Aber der Spitzbube lacht mich nur aus und läßt es noch ein Weilchen weiterläuten, so prachtvoll und feierlich, als wäre morgen Allerheiligen oder der Einzug des Erzbischofs von Perugia. Und niemand kümmert sich unten um uns. Die Glocken in Umbrien dürfen wie jede andere Zunge reden, so oft und so laut es ihnen beliebt.

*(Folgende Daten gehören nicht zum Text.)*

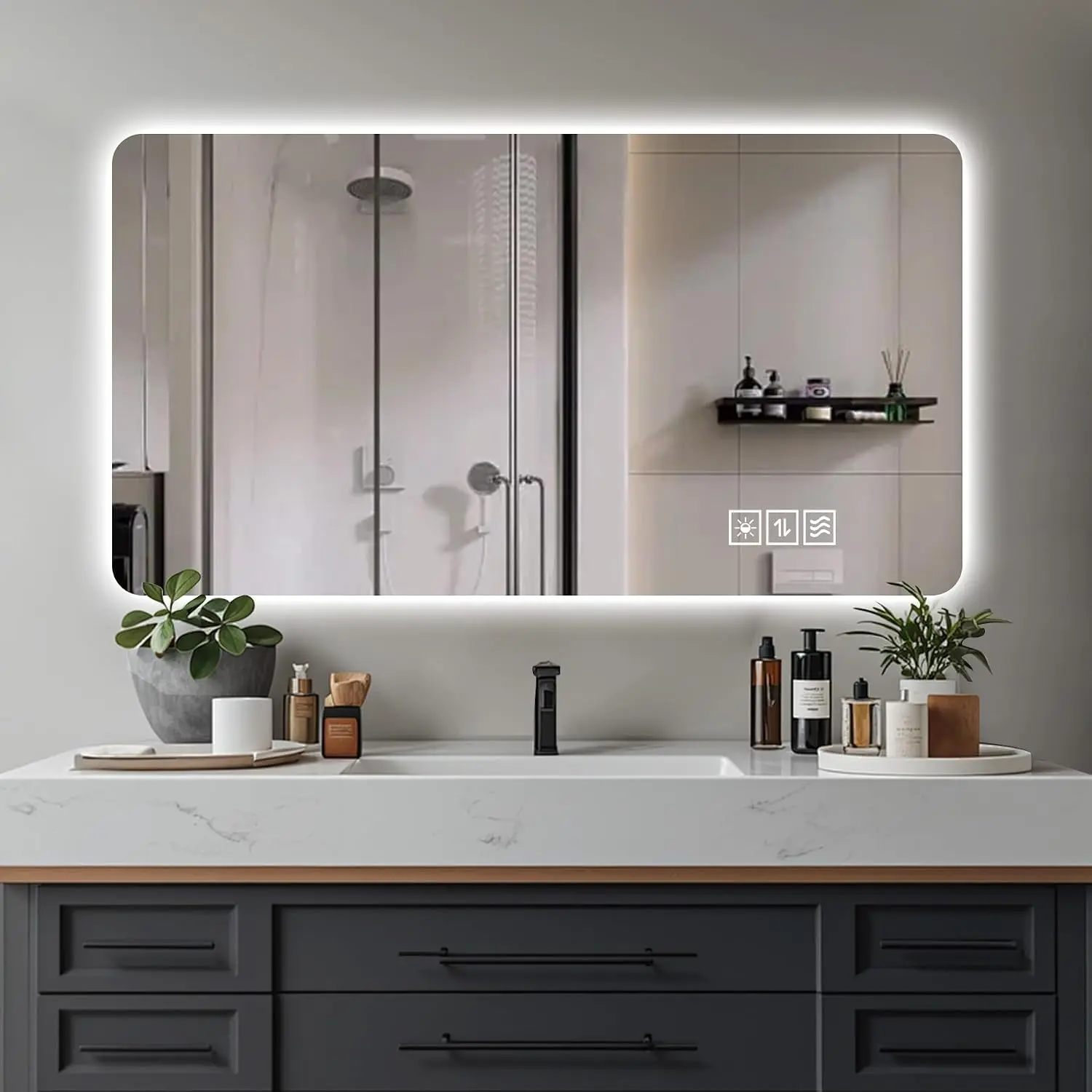 Wall Mounted LED Lighting Bathroom Mirror, Glass Full-Length Makeup Mirror with Anti-Fog Heating, Touch Switch, 3-Color Dimmable Light, 24 x 48 in, Silver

Wer von den vielen Baedekergläubigen kennt Gubbio? Wahrhaftig, ich sage euch, eine Woche Gubbio gäbe euch mehr italienische Freuden als die Hetze via Milano-Firenze-Roma-Napoli! Freilich, ihr müßtet im Sommer kommen. Der italienische Sommer ist großartig in Umbrien. Keine Fremden! Keine Bummler! Keine Eindringlinge als du allein, Glückskind! Die Italiener unter sich! Sei denn bescheiden und tue wie alle Einheimischen! Trinke Nostrano, iß Risotto, löffle Minestrone und schlecke den dottergelben Zambiglione! Liege unter einem kühlen Säulenbogen zu Mittag und spiele Harmonika am Abend oder Boccia über die Via ducale hin mit ein paar Handelsjungen! Was italienischer Stil, latinische Gelassenheit, antikes Phlegma ist – nicht etwa Faulheit, o nein! –, großartiges antikes Phlegma, das lernst du erst hier, außerhalb der großen Städte, in den Bergen und kleinen Borghi, wo man noch altes Hirtenblut und die Seßhaftigkeit der Bauern in alle städtische Verschmitztheit gerettet hat.

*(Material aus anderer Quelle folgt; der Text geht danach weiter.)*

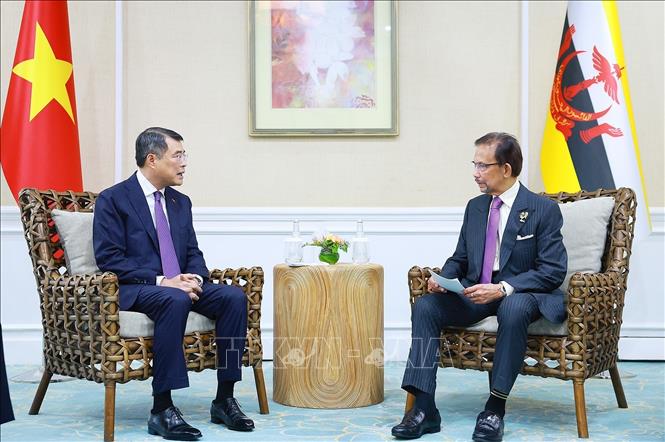 Thủ tướng Chính phủ Lê Minh Hưng gặp Quốc vương Brunei Haji Hassanal Bolkiah. Ảnh: Dương Giang – TTXVN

Liebes Gubbio in den Bergen, ich werde dich nie vergessen! Wie oft im Brausen unserer nordischen Stadt und in der Geschäftigkeit unseres nüchternen, von Dampf und Elektrizität regierten Lebens, denke ich an dich und sehne mich nach deiner so gemütlichen, sorgenlosen Klause! Oh, ich hoffe, dich wiederzusehen und deine uralten Ölbäume, deinen ewig schnupfenden Prevosto und deine zierlichen Töchter, die sonntags nach der Vesper mit verknüpften Händen in langer, die Straße sperrender Reihe von der Unterstadt zur Oberstadt spazieren, die jungen Burschen necken und singen:

Gianino will mich pflücken, Ei, ei!
Als ob ich eine Pfirsich wär'! Ei, ei!
Lern' Haselnüsse beißen,
Ha, ha!
Und Röslein aus den Disteln reißen,
Dann komm, dann komm, vielleicht,
Bis dann Bianca sich erweicht
.

Auch Beato, den Sigristensohn, will ich wiedersehen. Ah, wie er dann erst läuten wird! Ganz Italien muß ihn hören! – Und die Stadtmusik in ihrer farbigen Uniform muß ich wieder auf die Piazza della Signoria marschieren sehen. Und ich will sie wieder den Marsch der Bersaglieri spielen hören. Das wird wieder so zündend sein, daß fast die Pflastersteine zu tanzen beginnen. Und sicher spielt dann Armando Grossi immer noch die Flöte und dudelt immer noch so wunderbare Triolen und Verzierungen in die Melodie wie damals, als ich ihn zuerst vernahm und glaubte, es müsse eine Drossel über den Musikanten fliegen und mittrillern. Auf Wiedersehen, einzig liebes Gubbio!